A: I agree that the dangerous scenarios are entirely plausible. I explore that further in my book. But I also believe that the chance is worth taking. The benefits could be tremendous. Let's take some examples. Scientists are at work right now on robots that will help the elderly stay independently in their own homes longer than otherwise. I think that's terrific. At the 2003 Superbowl (and presumably at the 2004 Superbowl too) a kind of artificial intelligence called "smart dust"–smart sensors a millimeter by a millimeter–was deployed to sense and report on unusual activity, looking for terrorists. Scientists are also at work on a machine that can detect the difference between a natural disease outbreak and a bio-terror attack. Unfortunately, these are issues we must address for the foreseeable future. We've recently had a lot of bad news about cheating going on in the financial sector. At least one part of that sector, the National Association of Security Dealers, uses AI to monitor the activities of its traders, looking not only at the trading patterns of individual traders, but at articles in newspapers and other possible influences.
Q: Whoa! Isn't that a big invasion of privacy? In fact, didn't we hear that AI was going to be used for the government's Total Information Awareness project? That makes me very uncomfortable.

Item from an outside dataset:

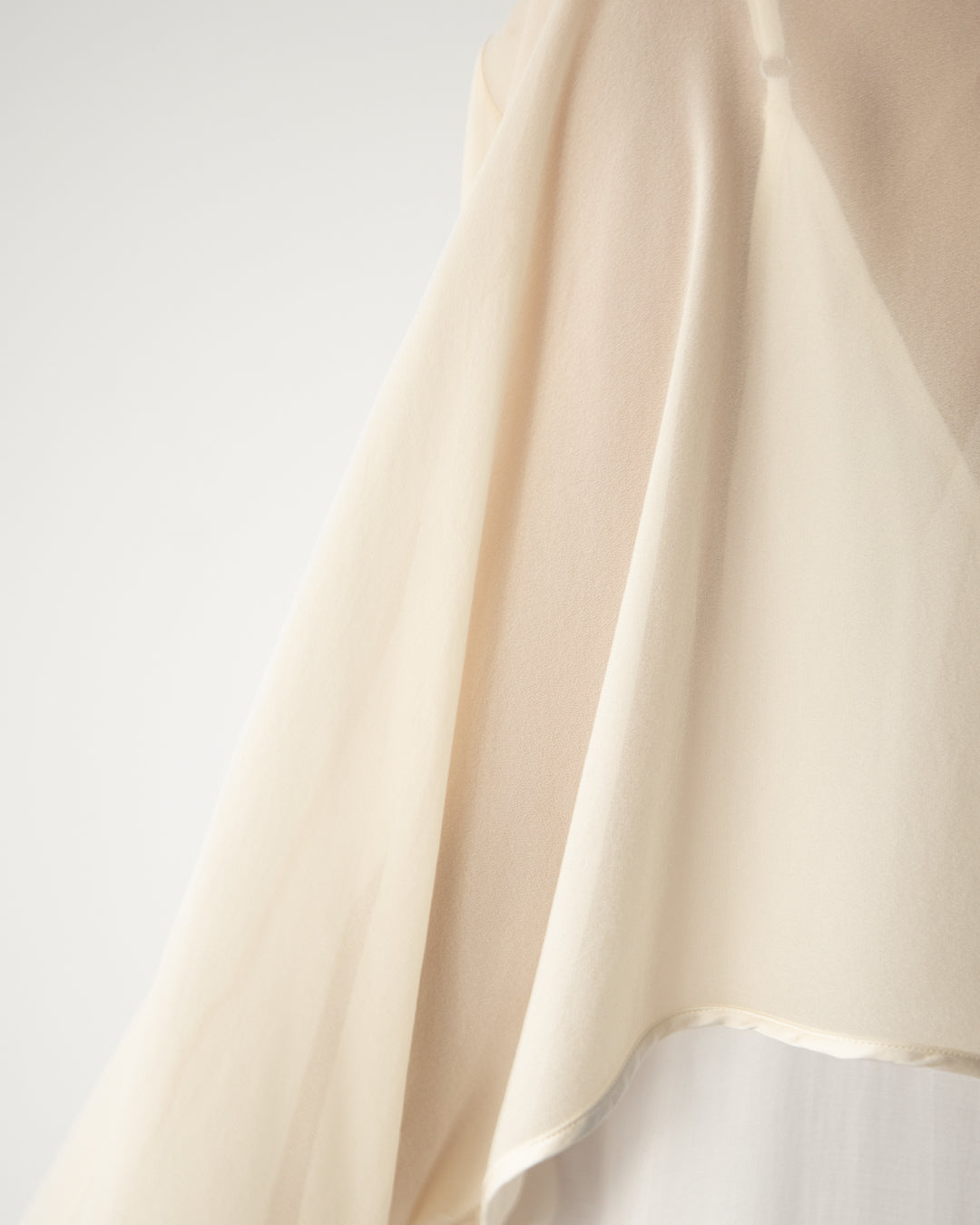 Brienne Lightweight Cape | Ivory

A: Americans cherish their privacy, and so they should. American ideas about privacy have evolved legally and socially over a long period. Moreover, Americans aren't the only ones with such concerns–the European Union is even stricter about the use of personal information than the U.S. But the European Union also understands that the best defense against terrorism is to be able to detect patterns of behavior that might alert law enforcement officers to potential terrorism before it happens. Like the privacy you give up for the convenience of using a credit card, it's a trade-off. I think that trade-off should be publicly debated, with all the gravity it deserves.

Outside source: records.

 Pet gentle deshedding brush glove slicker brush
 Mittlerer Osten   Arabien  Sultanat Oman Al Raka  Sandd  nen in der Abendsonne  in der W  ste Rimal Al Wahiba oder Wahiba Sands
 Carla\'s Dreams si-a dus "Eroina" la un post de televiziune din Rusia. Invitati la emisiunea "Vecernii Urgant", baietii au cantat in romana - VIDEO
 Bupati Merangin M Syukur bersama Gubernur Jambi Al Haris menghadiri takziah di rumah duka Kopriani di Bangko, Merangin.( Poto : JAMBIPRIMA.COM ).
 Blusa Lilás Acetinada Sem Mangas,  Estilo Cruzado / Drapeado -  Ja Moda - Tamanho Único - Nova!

Q: Shouldn't we just say no to intelligent machines? Aren't the risks too scary?
A: The risks are scary; the risks are real; but I don't think we should say no. In my book, I go further. I don't think we can say no. Here's what I mean: one of the best things humans have ever done for themselves was to collect, organize, and distribute information in the form of libraries and encyclopedias. We have always honored that effort, because we understand that no human can carry everything worth knowing inside a single head. The World Wide Web is this generation's new giant encyclopedia, and the Semantic Web, which is the next generation Web, will have intelligence built in. It will be as if everybody with access to a computer can have the world's smartest reference librarian at their fingertips, ready to help find exactly what you need, no matter how ill-formed your question is. And it will be able to offer some assurance that the information you are getting is reliable–the present World Wide Web cannot do that. In other words, intelligent machines seem to be part of a long human impulse to educate ourselves better and better, to make life better for each of us.

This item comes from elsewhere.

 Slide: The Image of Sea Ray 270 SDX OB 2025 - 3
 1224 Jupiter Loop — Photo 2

Q: What's ahead as AI succeeds even more?
A: Many of us already deal with limited AI in our daily lives–credit cards, search engines like Google, automated voice instructions from our GPS devices to help us drive to our destinations; we order prescriptions over the phone from semi-intelligent voice machines. But visionary projects are underway to make–hey, read my book!
Q: Would you consider yourself an AI optimist?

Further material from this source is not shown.